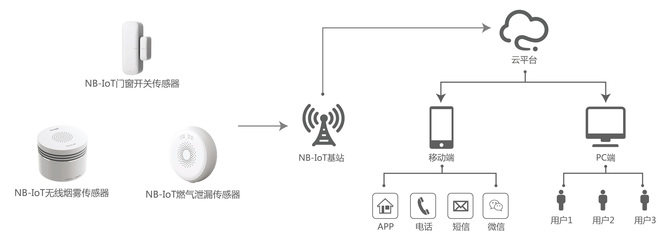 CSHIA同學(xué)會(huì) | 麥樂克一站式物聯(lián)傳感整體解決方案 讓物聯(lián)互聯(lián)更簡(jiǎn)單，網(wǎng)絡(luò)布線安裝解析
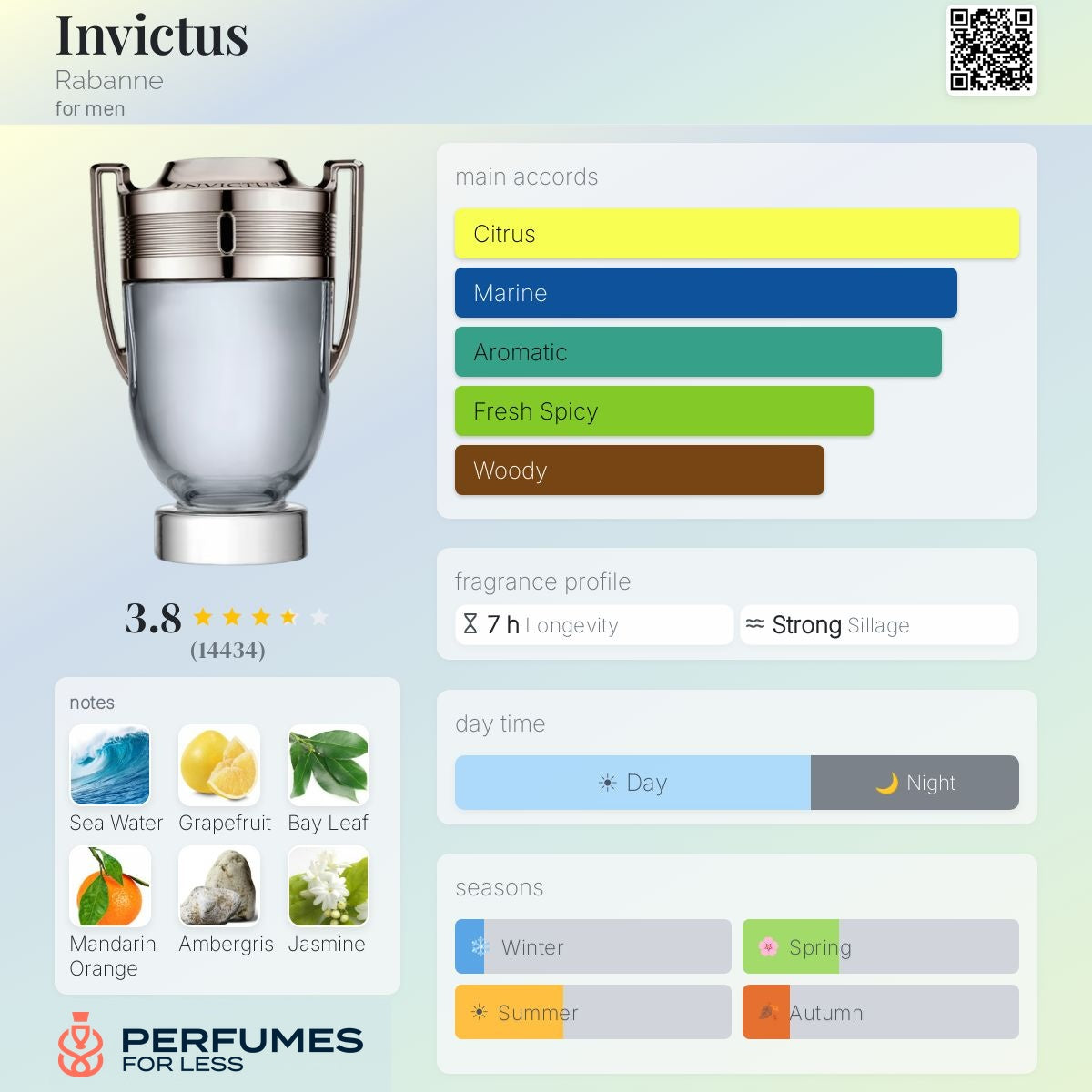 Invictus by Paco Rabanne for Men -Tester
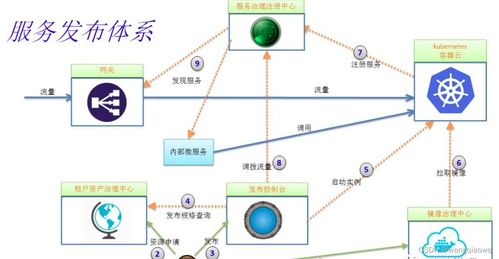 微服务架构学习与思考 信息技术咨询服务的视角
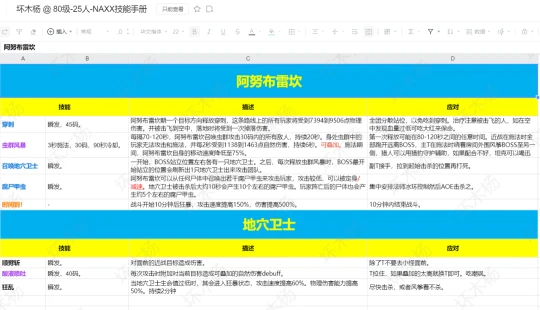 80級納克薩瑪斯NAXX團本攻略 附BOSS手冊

———

TASK GOAL: When you reach the line containing "Invictus by Paco Rabanne for Men -Tester" in the listing above, reproduce it and every line after it through the last, exactly; omit the pictures.

EXERCISE OUTPUT:
 Invictus by Paco Rabanne for Men -Tester
 微服务架构学习与思考 信息技术咨询服务的视角
 80級納克薩瑪斯NAXX團本攻略 附BOSS手冊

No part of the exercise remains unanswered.